【3.7倍で償還】トルコ・リラ建ゼロクーポン社債は安全か?

トルコリラ社債
(引用:HS証券)

先日のブログではゼロクーポン債の仕組みについて紹介しました。

 

ところでなんでゼロクーポン債をブログに書こうと思ったの?

実はある知人から「どえらい債券があるんだけど大丈夫?」とメールを貰いました。
その債権がゼロクーポン債だったという訳です。
そこでゼロクーポン債を簡単に紹介しました。

 

本日のブログでは知人から紹介を受けた「どえらいゼロクーポン債」を見てみます。

 

ゼロクーポン債については「【ゼロクーポン債】割引価格で購入、償還で利益が出る債券」をご覧ください。

 

 

トルコ・リラ建ゼロクーポン社債

知人が教えてくれたのは、以前ブラジル国債を紹介したさいに、参考にさせていただいたエイチ・エス証券が販売している「トルコ・リラ建ゼロクーポン社債」です。

 

  • 名称:クレディ・アグリコル・コーポレート・アンド・インベストメント・バンク発行 2031年10月27日満期トルコ・リラ建ゼロクーポン社債
  • 発行体:クレディ・アグリコル・コーポレート・アンド・インベストメント・バンク
  • 単価:26.90%
  • 販売単位:2万TRY以上1万TRY単位(額面)
  • 利払日:なし
  • 償還年数:10年
  • 償還日2031/10/27

(エイチエス証券:トルコ・リラ建ゼロクーポン社債 )

 

昨日のブログを読んだ人はもうどのような内容の社債か理解できていると思います。
この社債は自己資本ベースで世界12位のクレディ・アグリコルグループが発行する社債で、利子が使いないゼロクーポン債です。

償還期限は2031年なので10年と債券的には中期に分類されます。

そして注目なのが発行単価で…なんと額面の26.9%に設定されています。
つまり償還日まで保有すれば、額面の100%が支払われるので、投資額の3.7倍に増える計算ですね。

3.7倍にとはすごいね!
100万円投資したら10年後には370万円になるんだ。

むーちゃん、それは違うよ。

28万TRY(約100万円)を投資したら103万TRYが償還されます。

おなじでしょうwwwwww

いやいやこれが同じじゃないんですよ。
外貨建ての債券で難しいのは、この問題でとくに新興国通貨は変動しやすく、TRYが3.7倍になっても為替の影響で思った投資にならない可能性があります。

 

トルコリラ(TRY)の環境?

TRY/円チャート
(引用:HS証券チャート)

TRY・円の為替を見てみると、2014年には「1TRY:54円」程度でしたが、2018年には「1TRY:17円」そして、現在は「1TRY:12.52円」の水準まで下がっています。

 

7年前に54円だったのが今では75%も下落しているんだ。

そうです。
円に対して下落することは、TRYの価値がドンドン下がっていることを意味します。

つまり現在の為替レートで100万円を投資すると、為替により79,000TRYの社債が購入でき、10年後に約3.7倍の292,300TRYが償還されます。

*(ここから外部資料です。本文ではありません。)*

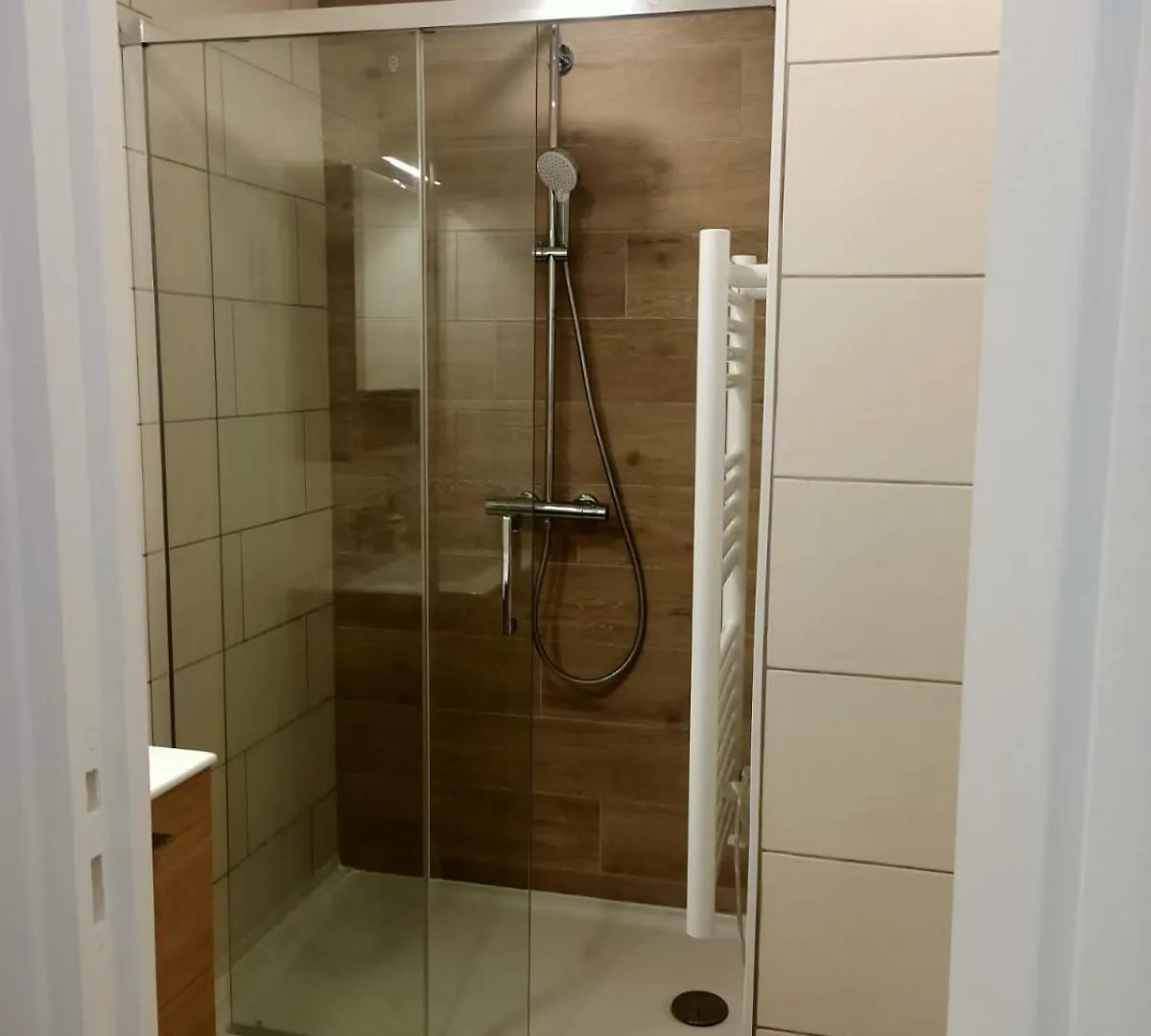 Apartment 06Bt - Nice Studio Close To Everything France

このとき為替があいかあらず12.52円であれば、手数料を無視すると365万円が得られる計算です。
利益は10年間で265万円ですね。

しかし、10年後に円高が進み1TRYが1/4になったら、1TRY:3.13円となり、償還金を日本円に交換すると91万円にしかなりません。
これでは9万円の損失です。

たしかにこの7年で為替の下落率は70%を超えているから、これから10年の間に何が起きるかもわからないね。

またこの計算は証券会社の手数料を加味していません。
為替交換にはスプレッドと呼ばれる手数料が加算されるので、一般的な為替とは価格が違います。
 
そうなるとますます利益が少なくなる可能性があります。

 

発行体よりも為替に注意

この手の債券は発行体は比較的信用度が高く、倒産などの心配はあまりありません。

この社債の発行体であるクレディ・アグリコルも世界的なバンキンググループで、S&Pの格付けは「AA-」、ムーディーズ「Aa2」と全く問題ありません。

 

ですから高い確率で10年後には償還されると思います。

しかし問題は為替でありトルコと言う国にあります。

 

トルコ経済がこれからの10年間に成長するかがポイントです。
もし国家破綻することになるとハイパーインフレにより、TRY自体の価値がなくなる可能性があります。
その場合、29万TRYなんて100円にしかならないことだって考えられます。

たった100円…

 

トルコの経済は期待されている

トルコの人口は8,300万人と比較的多く、経済的は発展余地が高い国と考えられています。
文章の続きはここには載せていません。